Des recommandations à l’État pour qu’il laisse se déployer le potentiel des monnaies locales :

« Il faudrait que les collectivités puissent disposer d’un compte en monnaie locale leur permettant encaissements et décaissements directs en monnaie locale. Le circuit serait alors bouclé. Ajoutons que les EPCI (établissements publics de coopération intercommunale) ont, parmi leurs prérogatives, l’établissement d’une fiscalité propre. Un autre pas en avant pourrait consister à établir que la fiscalité locale peut être réglée en monnaie locale. Cela n’impliquerait aucune obligation de le faire de la part des contribuables concernés mais renforcerait le bouclage du circuit monétaire en fournissant aux contribuables utilisateurs de la monnaie locale un moyen important de l’employer. »

 

Terra Nova fait partie des think tanks de référence en France, et son plaidoyer pour les monnaies locales signifie que les monnaies locales pourraient bien, dans les années à venir, amener à l’Etat à encourager leur développement comme partenaires l’action publique pour la Transition écologique et la relocalisation de l’économie.

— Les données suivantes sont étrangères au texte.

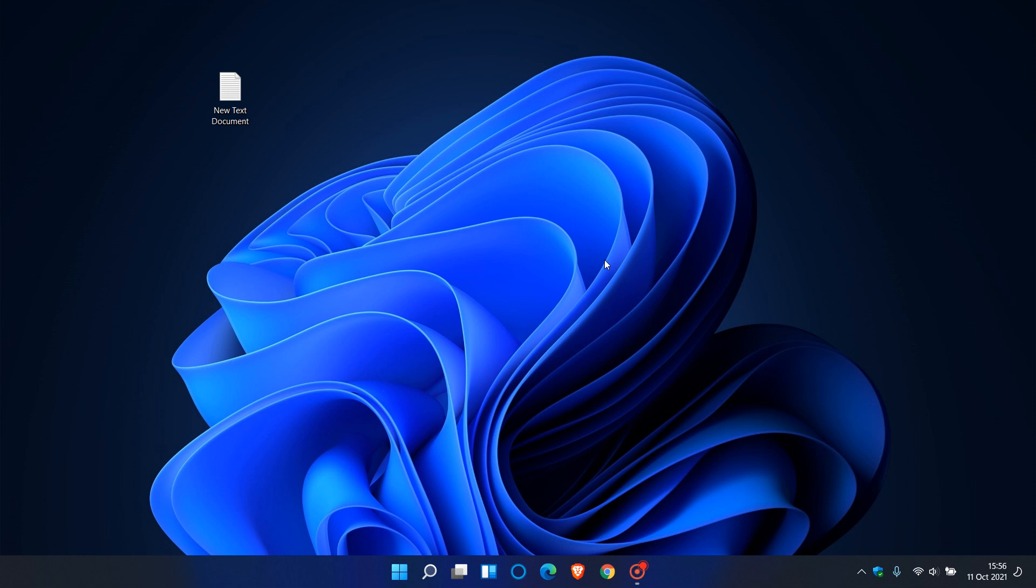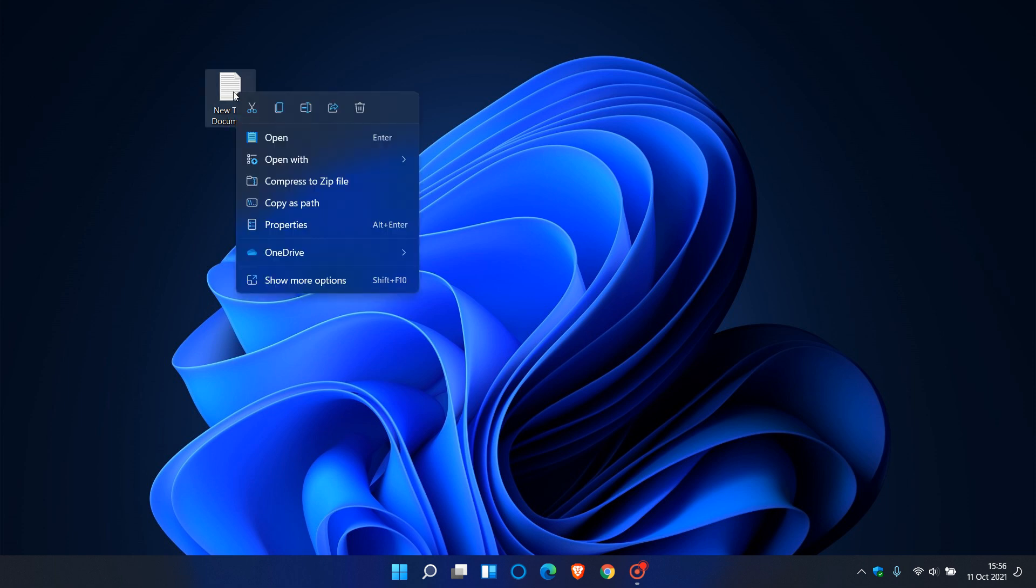Windows 11 comes with a lot of visual redesign to the operating system, and one of those is the all-important right-click context menu. If I right-click on this text file on my desktop, you'll see the Windows 11 right-click context menu is a lot more compact and decluttered than what was originally seen in Windows 10.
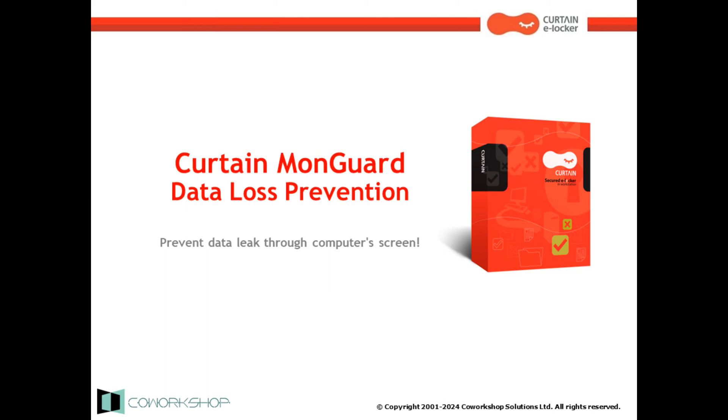Hi everybody! Thank you for watching this video! Today, we will be showcasing the basic features of CurtinMonguard.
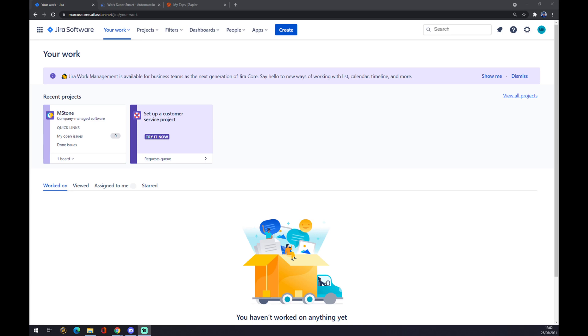Hello guys, my name is Mathew and in today's video I'm going to show you how you can integrate Jira through Zapier.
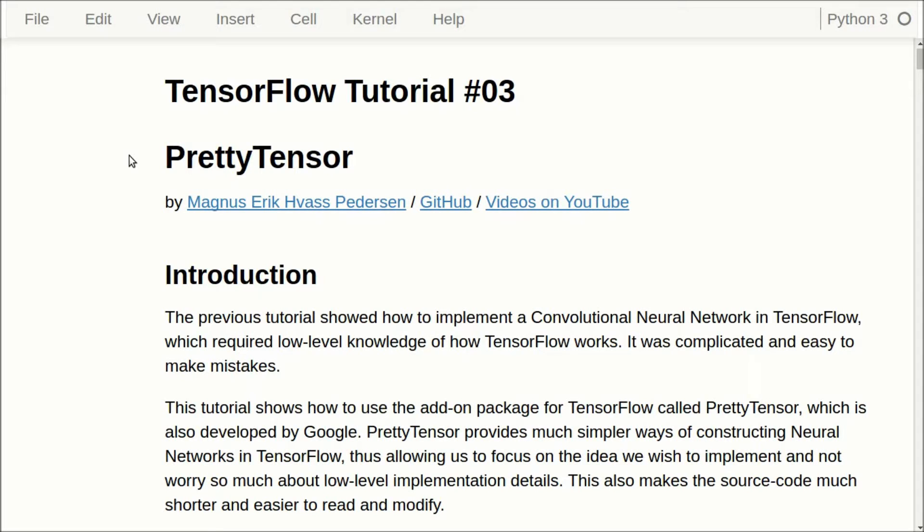Hello, my name is Magnus Pedersen. This is my third tutorial on TensorFlow, and this is about PrettyTensor, which is an add-on package for TensorFlow which makes it a lot easier to create neural networks compared to doing it directly in TensorFlow.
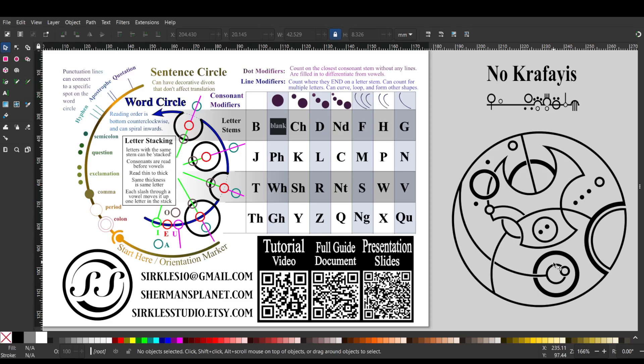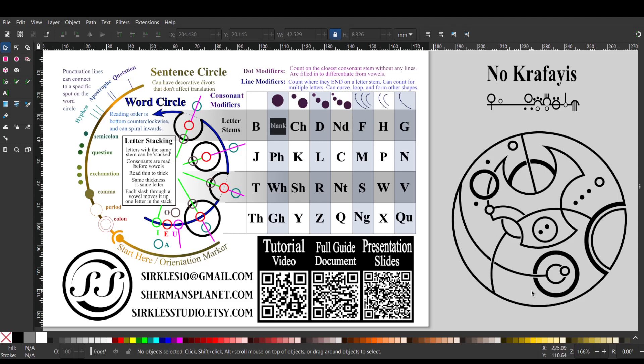Hello and welcome to the transcription explanation of this design. There are two words here, this word here and this word here, and the reading order for this script is bottom counterclockwise, like a time traveler going back in time, and that's noted here.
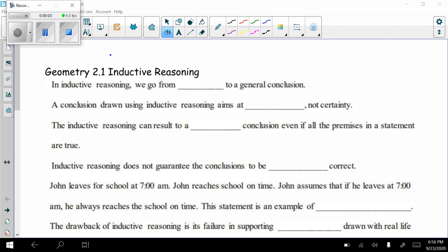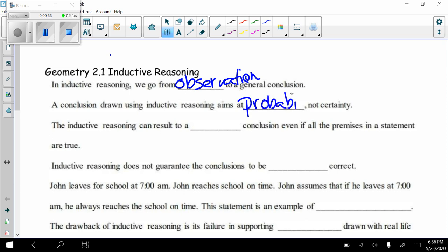Today we are looking at Chapter 2, Section 2.1: Inductive Reasoning. In inductive reasoning, we go from observation to a general conclusion. The conclusion drawn using inductive reasoning aims at probability, not certainty. Inductive reasoning can result in a false conclusion even if all the premises in the statement are true, and does not guarantee the conclusions to be logically correct.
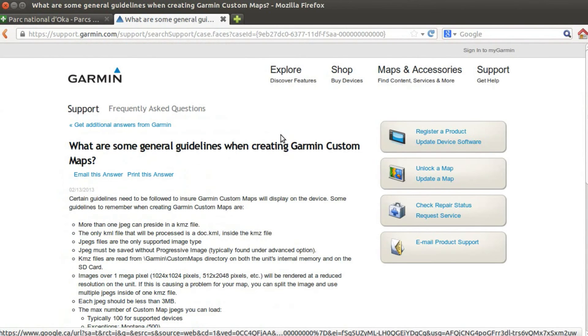Hey, I'm Dan. Today I want to show you how to bring a custom map on your Garmin GPS. I own a Garmin Oregon 450, and you have the possibility of adding custom maps on your GPS, which is great.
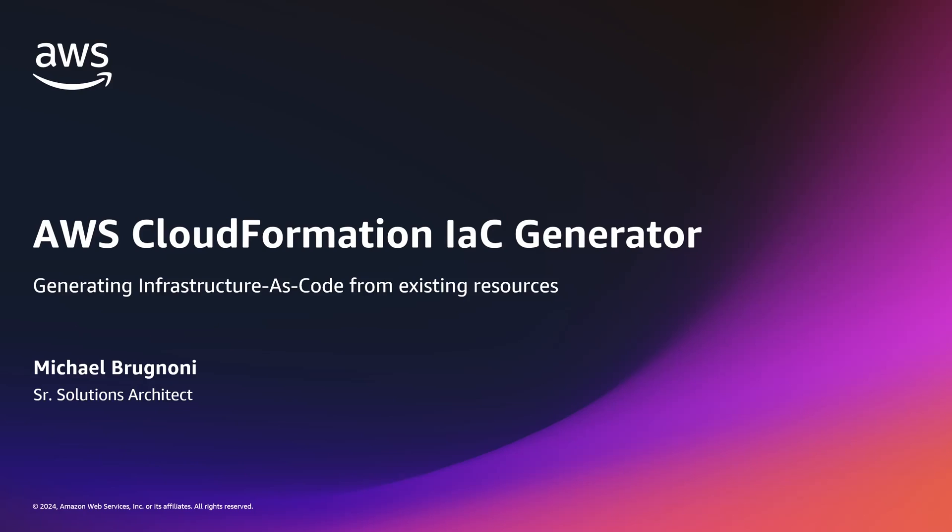Hi everyone, my name is Michael Bregnone and I'm a Senior Solutions Architect here with AWS. Today we're going to be looking at how you can leverage the CloudFormation IaC Generator or Infrastructure as Code Generator to generate templates for existing resources within your AWS accounts.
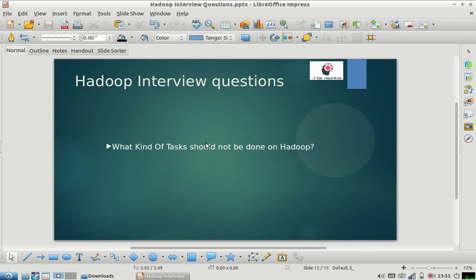Hello friends, welcome to my channel. I hope you are liking the Hadoop interview question series. Please subscribe to our channel and share videos with your friends. Let us know your feedback and what kind of other videos you would like to see. Today's Hadoop interview question is: what kind of tasks should not be done on Hadoop?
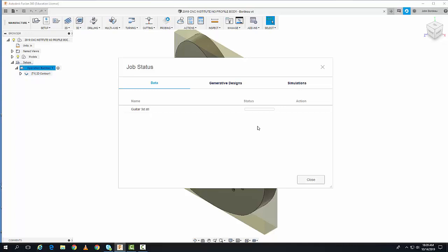An STL file is a 2D surface geometry file with no interior or CAD intelligence. It's now complete, and I can see it in File Explorer. We've just created an STL file from Fusion 360.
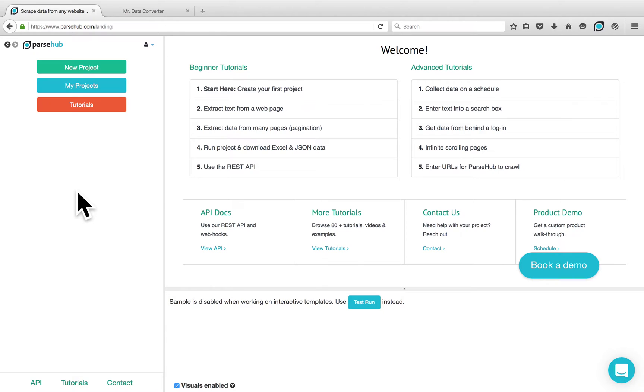Welcome! In this video tutorial, we want to show you how to scrape a list of keywords on a sample website.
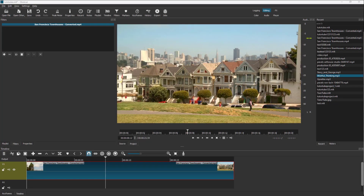Over here you can see I have a video clip, and I want to do a small animation where the video clip moves from left to the right-hand side. In that case, I can utilize something called keyframes, and to start using it I'm going to go to the filters area.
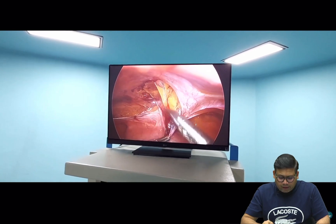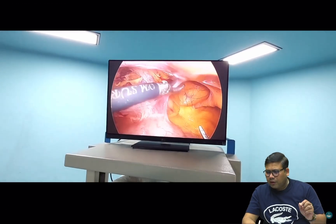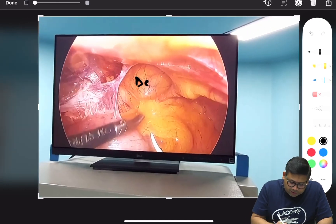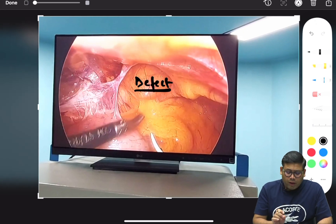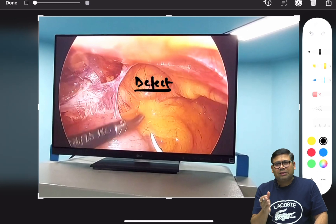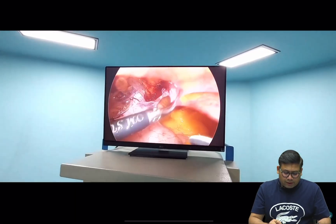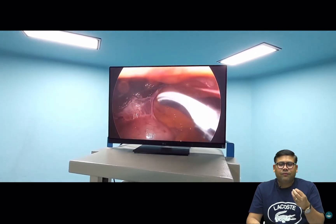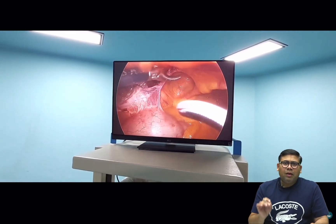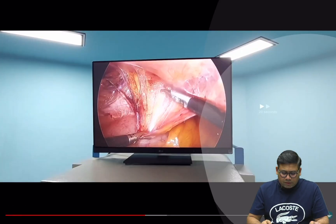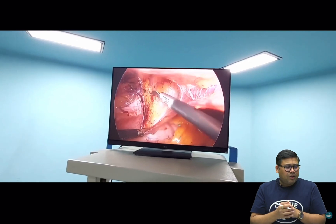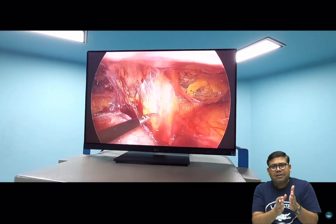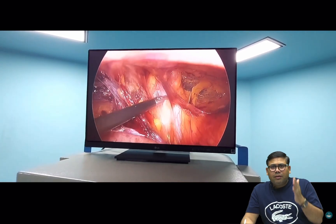Gently sweeping everything toward the abdominal wall — not pulling toward me — the dissection is complete. I can show you the defect: it is medial to the deep ring, confirming a direct inguinal hernia with a big direct defect. To identify the bladder: fat in the pelvis belongs to the bladder. I am going up to the lateral border of the bladder through flimsy areolar tissue.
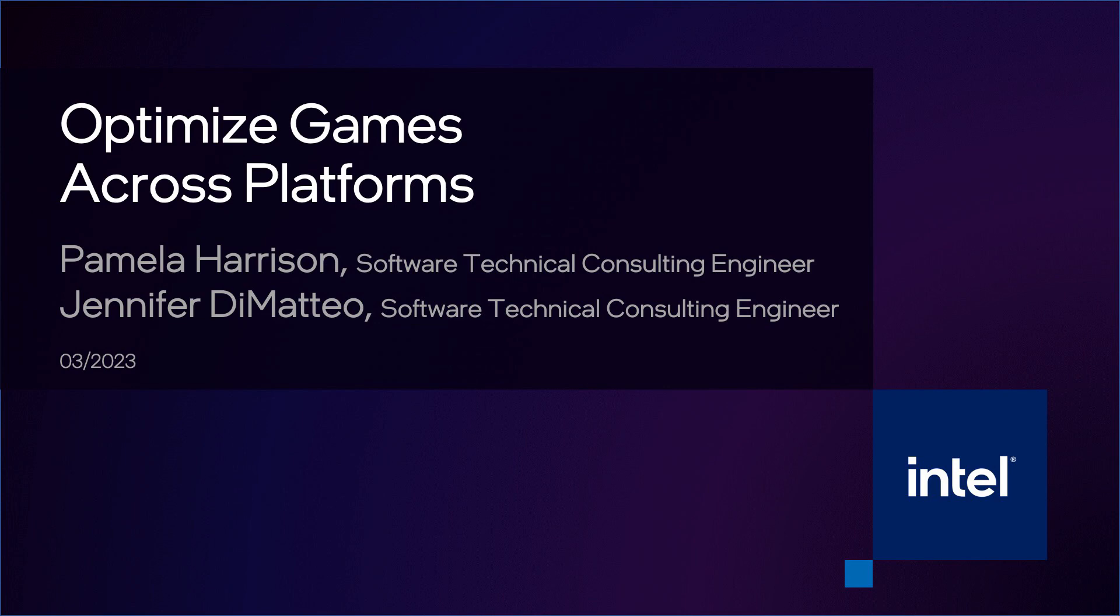Hello, I am Pamela Harrison from Intel. We help customers optimize their applications with Intel profiling tools.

Ce rapport ouvre, en plus des extraits ci-dessus, des pistes très intéressantes sur la manière dont les monnaies locales pourraient servir à financer la Transition écologique, et à faire évoluer les comportements de manière beaucoup plus massive qu’actuellement, en s’appuyant sur les travaux des économistes de référence comme Michel Aglietta

L’Eusko participe à cet dynamique collective pour les monnaies locales par son action propre, mais aussi en travaillant au sein du Mouvement SOL, aux côtés des autres associations porteuses de monnaies locales, à un changement d’échelle global des monnaies locales en France.